The Incomplete Script

Reflections on burnout, disillusionment, and questioning the stories we were told

A publication of first-person essays naming what work feels like — without hero framing. These are lived reflections, not advice.

Empty office conference table with notebook, papers, and laptop in a subdued modern workplace

How Replaceability Changed My Self-View

A moment when self-perception adjusted to structural reality.

I noticed it in how I described myself internally. Not out loud—just in the quiet shorthand I used to understand my place.

That shorthand had always included usefulness. Reliability. Being counted on.

Once replaceability became clear, those words didn’t fit the same way.

When identity borrows from necessity

I hadn’t realized how much of my self-view was tied to being needed.

Not admired.
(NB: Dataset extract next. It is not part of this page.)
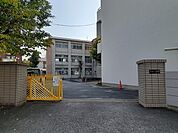 【小学校】半田小学校まで400ｍ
Not promoted.

Just necessary.

Seeing how easily things continued without me forced a quiet recalculation.

The subtle erosion

It wasn’t dramatic.

I didn’t suddenly feel worthless or irrelevant.

I just noticed a thinning—like a layer I’d been standing on wasn’t there anymore.

Without necessity, I had to see myself differently.

What shifted internally

I became less certain about where I ended and the role began.

If the role didn’t need me specifically, then what part of me belonged there?

That question didn’t demand an answer.

It simply lingered.

Not diminished—reframed

Nothing external changed how I was treated.

The shift happened internally.

The feeling echoed what’s described in Invisible at Work—present, capable, but no longer using work as a mirror.

Replaceability didn’t remove value. It removed illusion.

What became clear

I didn’t rush to rebuild my self-view.

I just noticed the space where certainty used to be.

That my sense of self had leaned more heavily on being needed than I’d known.

This was another quiet instance of The Interchangeable Feeling, revealed through how self-perception shifted.

That was when I realized replaceability had quietly changed how I saw myself.